How often have you been in a session in which you are asked to think about core values that define the culture of the organisation? I think this exercise is total crap. The whole idea that a team can cough up core values based on a brainstorm is insane. Values, beliefs and cultures are shaped by how the team interacts. And how the team interacts is by large determined by how the little rules, rituals of habits they installed to shape their interactions. If a team is committed to a daily check-in, a proper check-out of every meeting and a weekly retrospective in which they share a round of constructive feedback, they will think of themselves as totally committed to growing and learning. They will think of honesty and feedback as something they simply do as a team.

Organisational design is about designing decision-making

There was another passage in the longread about Jeff Bezos that I thought was fascinating:

“What is Amazon, aside from a listing on Nasdaq?

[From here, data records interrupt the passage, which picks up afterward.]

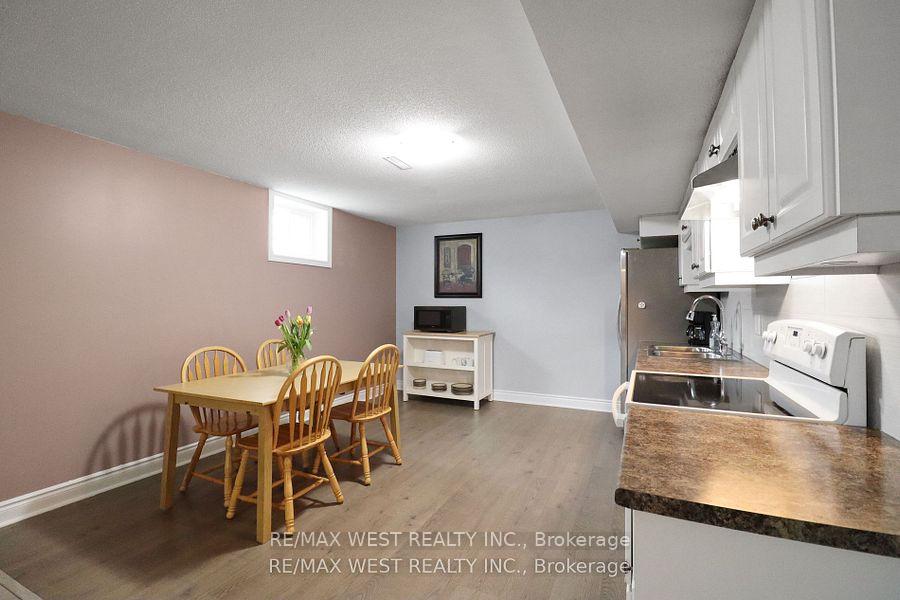 Photo 7 of 19 Radenhurst Crescent, Barrie, Grove East — HOMEH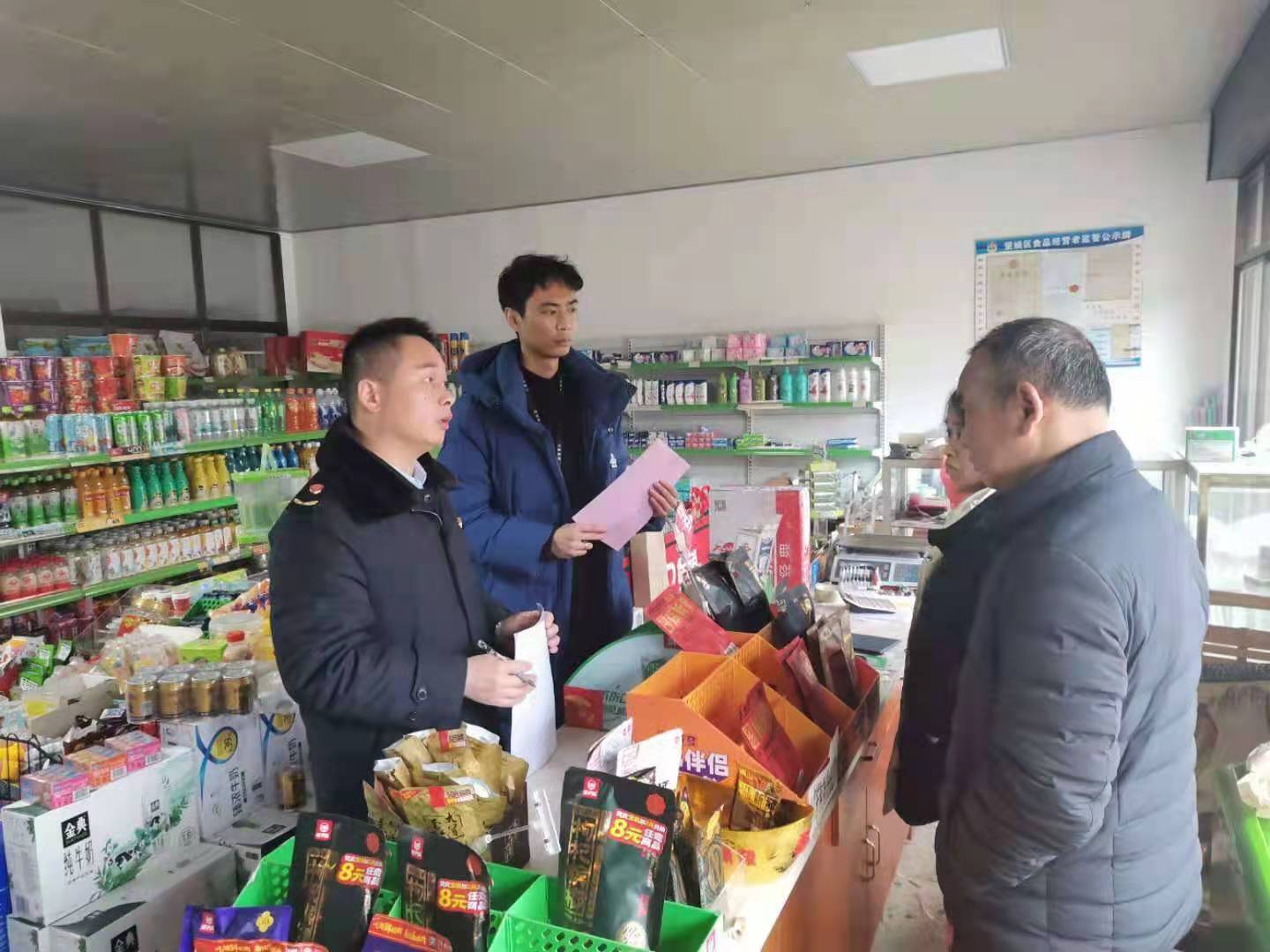 望城区市场监管人员在检查农村超市的食品进货情况。通讯员 刘正云 供图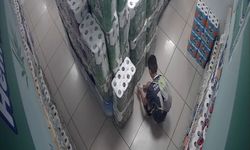 Bursa'da 10 yaşındaki çocuk markette yangın çıkardı, kameralara yakalandı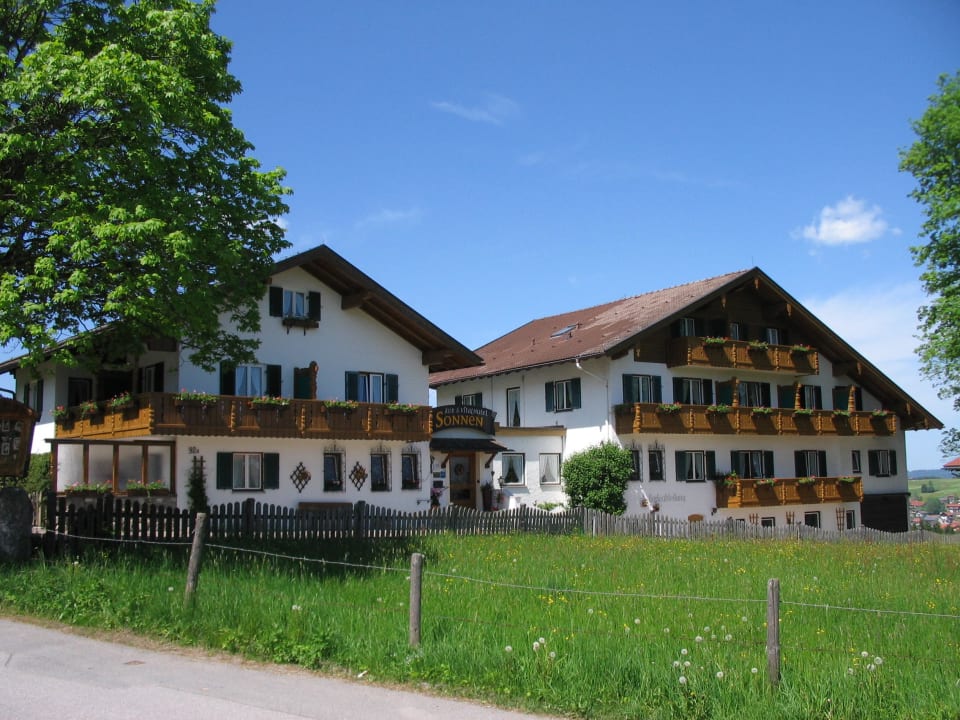 Blick von der Straße Kur- und Vitalhotel Sonnen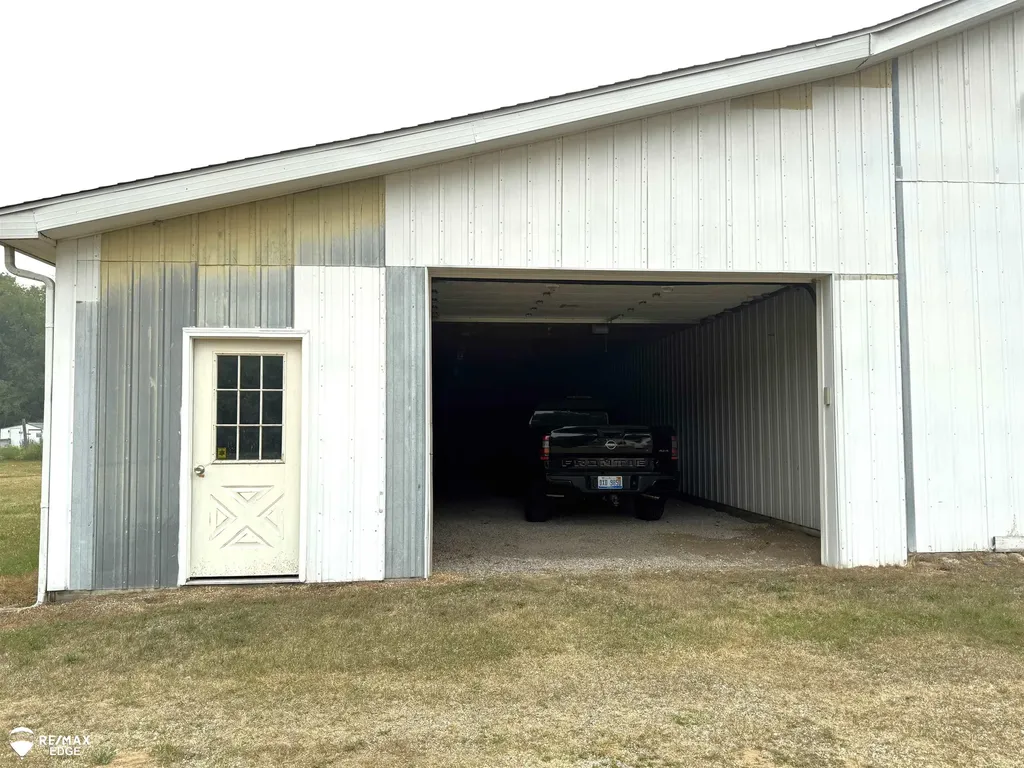 8331 E Coldwater Road Richfield Township MI 48423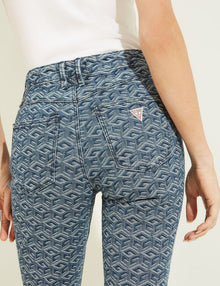 Guess női sok mintás skinny farmer nadrág – logómintás kék jeans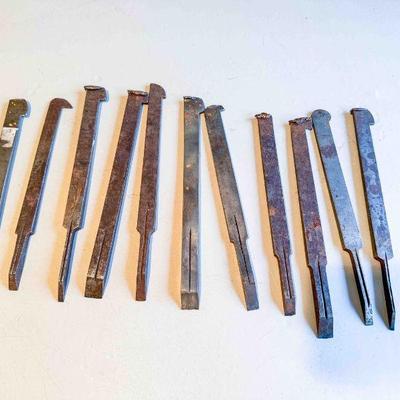 (lot) 11 plow plane blades of various sizes and makers, Fair to Good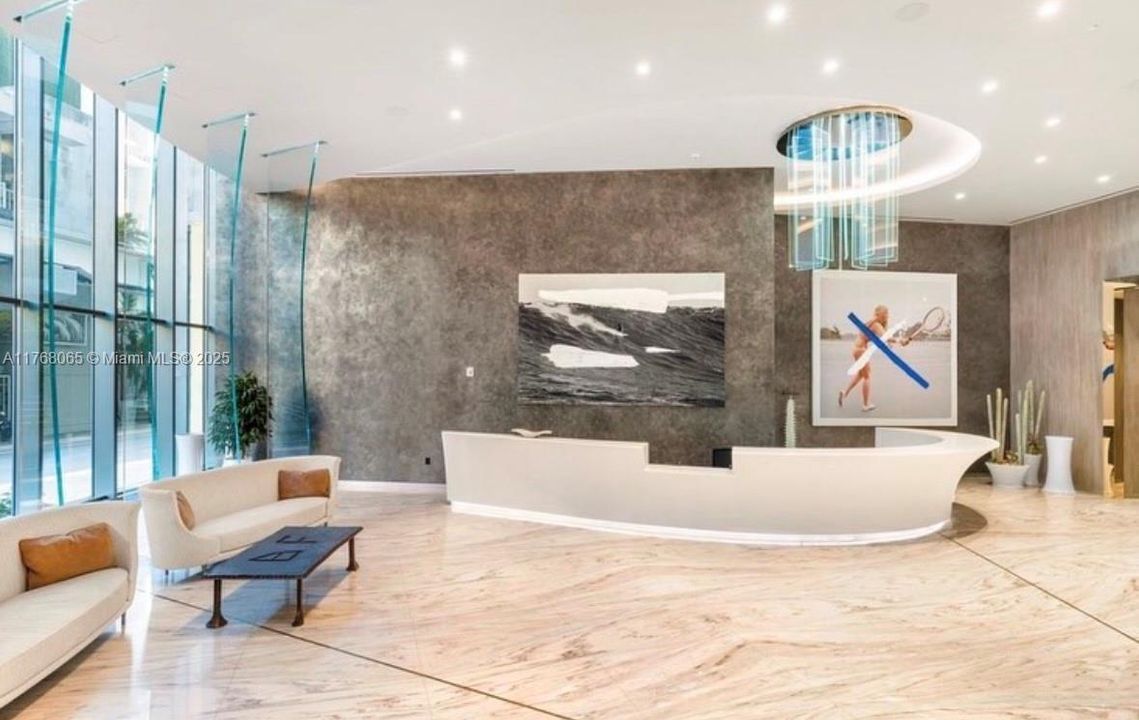 For Sale: $1,199,000 (1 beds, 2 baths, 1022 Square Feet)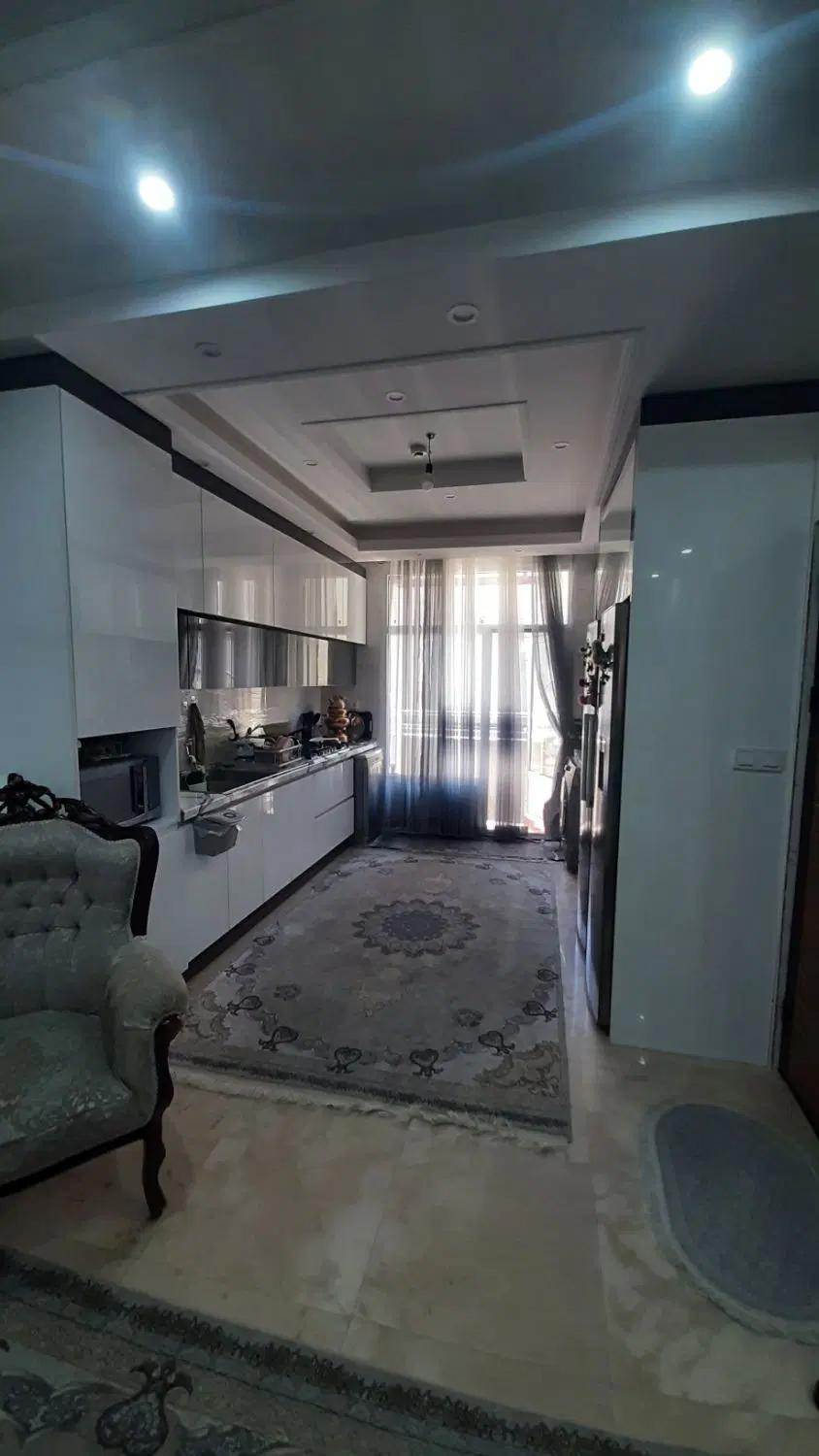 ۷۳ متر _ خوش نقشه _یک سال ساخت
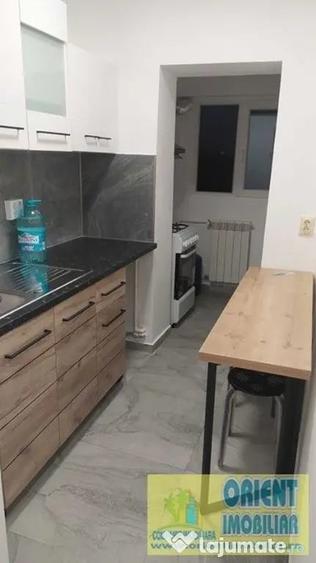 Garsonieră decomandată în Far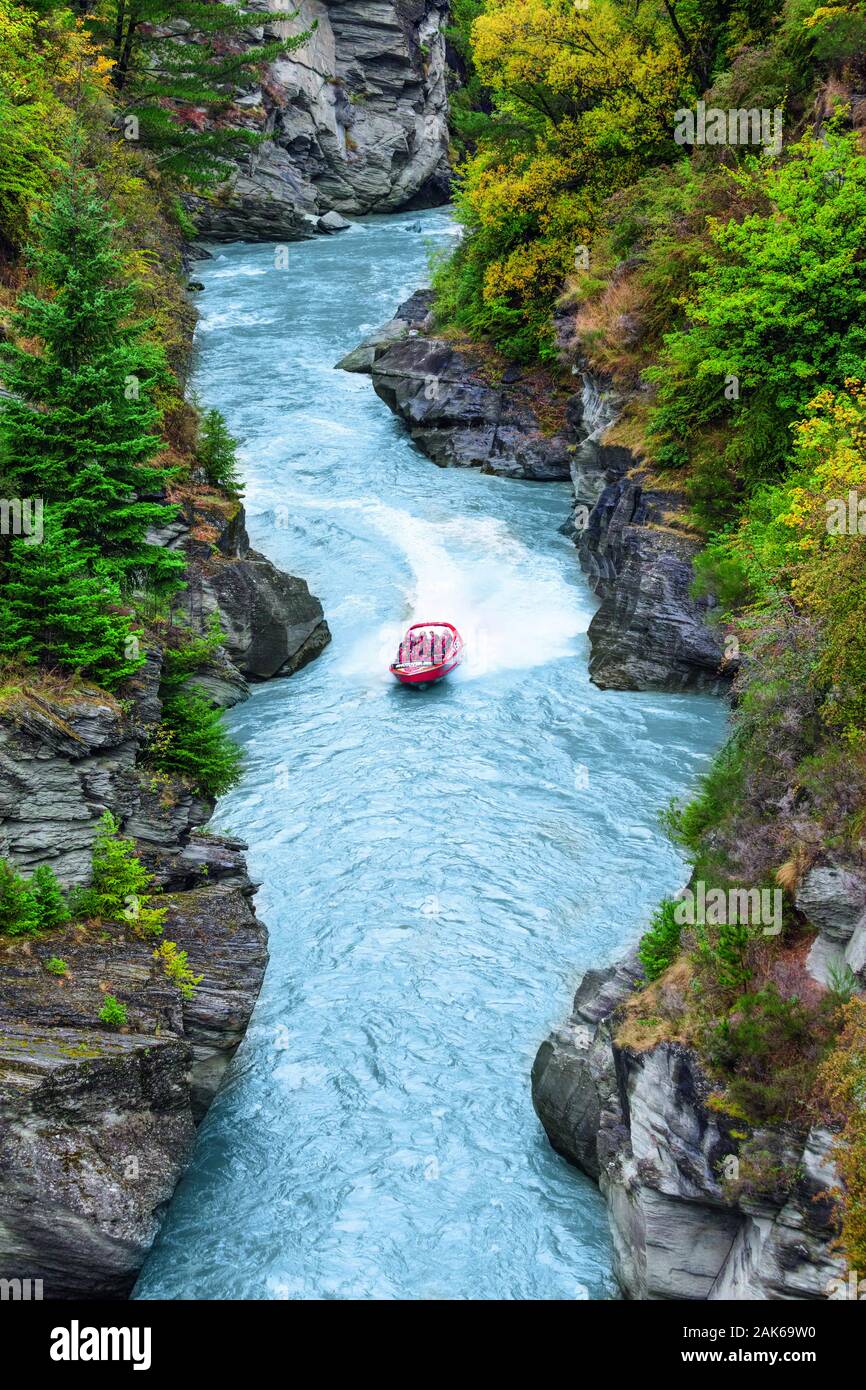 Suedinsel: Arthurs Point, Abenteuertour im Jet Boot auf dem Shotover River, Neuseeland | Verwendung weltweit Stockfoto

This is a flummoxing question. The company is named for the world’s most voluminous river, but it also has tributaries shooting out in all directions. Retailer hardly captures the company now that it’s also a movie studio, an artificial-intelligence developer, a device manufacturer, and a web-services provider. But to describe it as a conglomerate isn’t quite right either, given that so many of its businesses are tightly integrated or eventually will be. When I posed the question to Amazonians, I got the sense that they considered the company to be a paradigm—a distinctive approach to making decisions, a set of values, the Jeff Bezos view of the world extended through some 600,000 employees. This description, of course, means that the company’s expansion has no natural boundary; no sector of the economy inherently lies beyond its core competencies”.

Amazon is a paradigm, a distinctive approach to making decisions. That’s what makes the company so dangerous. The reason why they win in nearly every market is that they figured ways to analyse customer preferences and needs, build technology to cater to those needs and most of all: they know how to quickly turn this into success because they have a set of rules that allows them to make winning decisions much faster than their competitors.